Lee et al. [55 ]completed an experimental study on the therapeutic capacity of human mesenchymal stem cells to restore alveolar epithelial fluid transport and lung fluid balance after acute lung injury in an ex vivo perfused human lung preparation. The authors demonstrated that treatment with allogeneic human mesenchymal stem cells reduced pulmonary edema, improved lung endothelial barrier integrity and normalized alveolar epithelial fluid transport in an ex vivo perfused human lung. These experiments underline the feasibility of modern treatment options including gene and cell therapy to treat different pathologies addressing the affected organ ex vivo.

(1) Modern life-support systems, which have been developed substantially in recent years, improved the survival rate of patients with failing organs and allowed a temporary substitution of an organ function. These technologies can bridge the time until the organs of the patients completely or partially recover.

(2) The development of modern organ perfusion systems, in which biomechanical and biophysiological conditions can be adjusted to mimic the physiological environment, allows safe ex vivo organ preservation for longer periods of time and reduces ischemic time.

(3) Ex vivo organ preservation permits the exact evaluation of organ function and allows the application of ex situ diagnoses including exact topographical assessment of an isolated organ using ex vivo imaging (e.g. ex vivo MRI, CT, angiography or 3D echography).

(4) Ex vivo organ perfusion providing oxygen and nutrients under physiological conditions and removing toxic metabolic products permits improvement of organ function and organ reconditioning. This method allows the recovery of organs, which until recently, have been rejected for transplant.

(5) Ex vivo organ perfusion permits direct administration of drugs to the organ by injecting them into tubes connected to the organ (e.g. endovascular or endobronchial), thus omitting systemic administration of drugs and their adverse effects on other organs and systems. Moreover, explanted organs can be exposed to radiotherapy in order to avoid systemic exposure to radiation.

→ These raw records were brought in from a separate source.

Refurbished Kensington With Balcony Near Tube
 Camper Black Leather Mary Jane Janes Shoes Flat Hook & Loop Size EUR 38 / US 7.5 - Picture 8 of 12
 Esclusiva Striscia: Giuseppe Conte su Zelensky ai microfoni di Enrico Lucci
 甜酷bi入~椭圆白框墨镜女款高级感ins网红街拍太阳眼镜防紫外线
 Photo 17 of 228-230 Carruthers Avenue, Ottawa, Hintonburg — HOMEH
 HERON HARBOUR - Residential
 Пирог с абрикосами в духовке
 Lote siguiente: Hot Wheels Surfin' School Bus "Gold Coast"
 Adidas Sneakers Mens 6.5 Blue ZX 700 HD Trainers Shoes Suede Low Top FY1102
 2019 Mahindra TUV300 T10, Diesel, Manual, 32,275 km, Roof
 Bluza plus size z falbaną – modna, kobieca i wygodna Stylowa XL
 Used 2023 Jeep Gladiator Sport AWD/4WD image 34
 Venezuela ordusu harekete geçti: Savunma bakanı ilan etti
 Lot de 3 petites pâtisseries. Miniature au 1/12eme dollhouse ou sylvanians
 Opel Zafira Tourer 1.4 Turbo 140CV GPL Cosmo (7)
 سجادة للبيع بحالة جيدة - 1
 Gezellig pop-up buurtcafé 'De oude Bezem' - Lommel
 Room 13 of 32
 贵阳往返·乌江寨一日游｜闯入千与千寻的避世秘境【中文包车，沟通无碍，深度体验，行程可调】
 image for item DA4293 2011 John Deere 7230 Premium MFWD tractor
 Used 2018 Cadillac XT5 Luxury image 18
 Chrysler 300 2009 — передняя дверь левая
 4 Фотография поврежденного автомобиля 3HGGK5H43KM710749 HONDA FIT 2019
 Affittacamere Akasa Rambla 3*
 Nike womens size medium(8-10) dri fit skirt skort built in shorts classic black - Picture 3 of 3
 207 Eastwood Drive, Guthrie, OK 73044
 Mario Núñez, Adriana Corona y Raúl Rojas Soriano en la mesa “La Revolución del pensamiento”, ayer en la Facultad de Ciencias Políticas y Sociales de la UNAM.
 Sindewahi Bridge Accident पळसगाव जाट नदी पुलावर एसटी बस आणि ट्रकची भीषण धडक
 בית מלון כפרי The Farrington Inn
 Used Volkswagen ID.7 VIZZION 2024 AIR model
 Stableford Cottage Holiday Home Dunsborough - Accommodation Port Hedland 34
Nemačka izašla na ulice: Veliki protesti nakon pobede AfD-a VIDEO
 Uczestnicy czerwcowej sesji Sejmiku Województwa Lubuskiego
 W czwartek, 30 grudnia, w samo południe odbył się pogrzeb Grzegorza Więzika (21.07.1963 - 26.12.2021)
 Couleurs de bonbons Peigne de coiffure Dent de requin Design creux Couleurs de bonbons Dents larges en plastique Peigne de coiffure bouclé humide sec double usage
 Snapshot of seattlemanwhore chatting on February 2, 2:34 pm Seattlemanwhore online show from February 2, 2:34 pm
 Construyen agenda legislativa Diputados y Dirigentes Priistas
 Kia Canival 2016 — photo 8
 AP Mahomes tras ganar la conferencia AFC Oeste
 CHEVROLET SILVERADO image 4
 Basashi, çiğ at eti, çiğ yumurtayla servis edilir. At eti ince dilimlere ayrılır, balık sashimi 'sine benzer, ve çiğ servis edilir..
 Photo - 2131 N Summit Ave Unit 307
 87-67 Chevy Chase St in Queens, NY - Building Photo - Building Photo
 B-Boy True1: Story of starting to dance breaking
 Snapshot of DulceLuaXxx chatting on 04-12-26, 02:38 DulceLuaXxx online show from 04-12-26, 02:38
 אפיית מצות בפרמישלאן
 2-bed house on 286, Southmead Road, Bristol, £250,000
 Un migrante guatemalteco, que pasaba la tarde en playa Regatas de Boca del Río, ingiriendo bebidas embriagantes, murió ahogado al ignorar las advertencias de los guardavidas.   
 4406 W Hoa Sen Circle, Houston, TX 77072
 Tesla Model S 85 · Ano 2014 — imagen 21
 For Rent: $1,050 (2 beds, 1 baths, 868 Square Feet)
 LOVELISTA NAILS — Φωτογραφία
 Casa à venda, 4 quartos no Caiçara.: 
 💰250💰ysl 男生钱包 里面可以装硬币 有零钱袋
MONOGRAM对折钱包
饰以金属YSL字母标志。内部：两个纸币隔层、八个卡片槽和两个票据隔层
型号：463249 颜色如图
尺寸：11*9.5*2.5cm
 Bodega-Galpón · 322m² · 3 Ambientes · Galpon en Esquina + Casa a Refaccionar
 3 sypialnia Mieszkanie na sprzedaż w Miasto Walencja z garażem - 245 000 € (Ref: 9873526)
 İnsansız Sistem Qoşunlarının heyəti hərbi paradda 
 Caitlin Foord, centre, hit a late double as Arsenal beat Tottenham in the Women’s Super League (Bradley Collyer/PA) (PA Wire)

(6) Even though there have been several sporadic attempts at ex vivo surgical resection and correction of different organs in treating nonoperable patients, the optimal preservation of affected organs in OCSs opens new possibilities for ex vivo surgery. Although ex vivo surgical resection has mainly been used in oncological surgery, improvement in ex vivo organ preservation and recovery may expand the indications for ex vivo surgery to other complicated pathologies (e.g. complex congenital malformations).

(7) The combination of (a) ex vivo organ perfusion and storage, (b) ex vivo exact topographical diagnosis, (c) ex vivo locoregional medical treatment including the possibility of ex situ radiotherapy and (d) the possibility of ex vivo surgical correction can expand the medical possibilities in the treatment of failing organs, thus improving morbidity and mortality. The ex vivo approach offers prospects for applying the above-mentioned methods to most human organs, when traditional methods cannot offer treatment.

Ex vivo therapies open new horizons in the treatment of end-stage organ pathologies. Further experimental and clinical research is needed to develop ex vivo approaches regarding organ preservation, topographical diagnosis, surgical techniques, pharmacokinetics as well as new methods of treatment including gene and cell therapies and tissue engineering.